Pialligo (postcode: 2609) () is a rural suburb of Canberra, Australian Capital Territory, Australia. The name Pialligo has been used for the area since at least 1820, and is probably of Aboriginal origin. It was also the name for the parish in the area. Streets in Pialligo are named with Aboriginal words.

Beltana Road in Pialligo is home to many of Canberra's nurseries. Canberra Airport is located adjacent to Pialligo across Pialligo Avenue.

Geology

Quaternary alluvium covers the main western part of Pialligo.  Calcareous shales from the Canberra Formation are deep underneath.
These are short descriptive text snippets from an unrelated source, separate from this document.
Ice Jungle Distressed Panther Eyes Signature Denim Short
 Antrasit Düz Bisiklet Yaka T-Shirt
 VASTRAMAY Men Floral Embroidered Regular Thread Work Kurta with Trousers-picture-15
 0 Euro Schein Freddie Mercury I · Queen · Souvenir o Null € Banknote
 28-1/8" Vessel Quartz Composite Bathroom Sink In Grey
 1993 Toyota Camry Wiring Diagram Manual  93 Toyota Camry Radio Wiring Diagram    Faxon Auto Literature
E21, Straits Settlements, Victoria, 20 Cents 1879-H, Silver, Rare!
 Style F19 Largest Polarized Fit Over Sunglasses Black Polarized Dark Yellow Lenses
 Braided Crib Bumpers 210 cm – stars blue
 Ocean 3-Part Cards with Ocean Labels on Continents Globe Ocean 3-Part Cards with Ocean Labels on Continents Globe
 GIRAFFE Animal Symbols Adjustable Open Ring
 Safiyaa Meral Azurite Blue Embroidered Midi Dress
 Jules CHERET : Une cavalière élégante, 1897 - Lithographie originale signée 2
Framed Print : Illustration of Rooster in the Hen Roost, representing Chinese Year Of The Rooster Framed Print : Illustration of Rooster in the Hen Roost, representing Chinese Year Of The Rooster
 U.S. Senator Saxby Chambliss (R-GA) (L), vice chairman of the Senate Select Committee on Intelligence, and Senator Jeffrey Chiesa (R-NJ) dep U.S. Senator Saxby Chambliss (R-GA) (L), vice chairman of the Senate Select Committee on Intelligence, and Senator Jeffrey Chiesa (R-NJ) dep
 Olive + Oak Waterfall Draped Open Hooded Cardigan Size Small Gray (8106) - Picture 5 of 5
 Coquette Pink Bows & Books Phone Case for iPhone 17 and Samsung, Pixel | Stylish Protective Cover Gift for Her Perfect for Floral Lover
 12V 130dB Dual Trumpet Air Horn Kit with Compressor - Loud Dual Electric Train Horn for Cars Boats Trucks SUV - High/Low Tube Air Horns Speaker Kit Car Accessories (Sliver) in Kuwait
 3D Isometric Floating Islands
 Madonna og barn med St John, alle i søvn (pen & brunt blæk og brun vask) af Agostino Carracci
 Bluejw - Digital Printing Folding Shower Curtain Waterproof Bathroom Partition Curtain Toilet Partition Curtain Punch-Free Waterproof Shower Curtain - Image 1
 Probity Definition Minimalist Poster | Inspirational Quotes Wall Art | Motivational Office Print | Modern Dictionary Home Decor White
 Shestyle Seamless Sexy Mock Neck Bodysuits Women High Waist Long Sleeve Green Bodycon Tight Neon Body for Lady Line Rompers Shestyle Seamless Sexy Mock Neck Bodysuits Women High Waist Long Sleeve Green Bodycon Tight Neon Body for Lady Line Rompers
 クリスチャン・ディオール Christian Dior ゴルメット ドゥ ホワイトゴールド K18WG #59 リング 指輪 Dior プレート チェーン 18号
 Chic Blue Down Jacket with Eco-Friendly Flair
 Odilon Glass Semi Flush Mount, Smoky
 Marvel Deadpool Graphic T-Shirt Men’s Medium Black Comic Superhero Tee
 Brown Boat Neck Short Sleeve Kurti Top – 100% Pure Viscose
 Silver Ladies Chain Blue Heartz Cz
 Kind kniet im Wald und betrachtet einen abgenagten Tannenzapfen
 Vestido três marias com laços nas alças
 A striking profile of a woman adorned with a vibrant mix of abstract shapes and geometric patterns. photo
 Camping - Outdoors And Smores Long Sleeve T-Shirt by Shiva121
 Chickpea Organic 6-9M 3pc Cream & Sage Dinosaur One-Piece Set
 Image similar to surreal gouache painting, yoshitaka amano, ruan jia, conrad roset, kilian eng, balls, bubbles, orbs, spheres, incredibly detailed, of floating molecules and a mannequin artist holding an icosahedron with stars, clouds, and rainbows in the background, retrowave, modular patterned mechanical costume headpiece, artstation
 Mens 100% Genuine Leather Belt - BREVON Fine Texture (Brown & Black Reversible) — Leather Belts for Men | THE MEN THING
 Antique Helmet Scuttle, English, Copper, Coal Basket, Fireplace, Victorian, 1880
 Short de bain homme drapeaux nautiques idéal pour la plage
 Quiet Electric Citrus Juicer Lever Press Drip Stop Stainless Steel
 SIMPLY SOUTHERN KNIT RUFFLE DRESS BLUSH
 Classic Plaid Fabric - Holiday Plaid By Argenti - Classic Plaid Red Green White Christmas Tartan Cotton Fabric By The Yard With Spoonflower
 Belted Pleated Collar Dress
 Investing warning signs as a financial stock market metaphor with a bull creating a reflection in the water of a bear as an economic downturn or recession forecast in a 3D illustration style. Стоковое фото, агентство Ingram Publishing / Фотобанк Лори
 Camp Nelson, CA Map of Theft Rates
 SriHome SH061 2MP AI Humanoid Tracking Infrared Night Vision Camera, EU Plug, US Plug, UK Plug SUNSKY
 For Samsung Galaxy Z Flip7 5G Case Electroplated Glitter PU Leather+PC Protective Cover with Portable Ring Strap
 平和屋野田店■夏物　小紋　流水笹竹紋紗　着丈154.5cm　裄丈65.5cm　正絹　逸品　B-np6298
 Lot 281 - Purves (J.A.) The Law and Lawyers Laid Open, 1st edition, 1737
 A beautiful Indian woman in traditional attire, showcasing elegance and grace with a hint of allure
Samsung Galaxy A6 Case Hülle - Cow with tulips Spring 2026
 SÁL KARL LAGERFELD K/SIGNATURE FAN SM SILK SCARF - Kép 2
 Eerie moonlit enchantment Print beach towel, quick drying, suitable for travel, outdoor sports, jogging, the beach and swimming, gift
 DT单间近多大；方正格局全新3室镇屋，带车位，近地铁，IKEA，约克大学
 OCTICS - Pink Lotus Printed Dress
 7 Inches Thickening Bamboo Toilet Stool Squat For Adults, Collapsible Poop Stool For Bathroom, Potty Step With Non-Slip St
The Woolshed Creek runs into the north end of Pialligo.  This is a significant place, because in the bed of the creek the Rev W B Clarke first recognised Silurian fossils.  These fossils were brachiopods, mostly Atrypa duntroonensis.  He discovered them around 1844 century and it was the first time that Silurian rocks were identified in Australia, and at the time were the oldest known rocks in Australia.  This mudstone is from the Canberra Formation.

Living history

Aside from the city's design, arguably Walter Burley Griffin's longest-living legacy in Canberra is the forest of Redwood trees (both Sequoia sempervirens and Sequoiadendron giganteum) that was planted in 1918 by Walter Burley Griffin and arborist Thomas Charles Weston on Pialligo Avenue.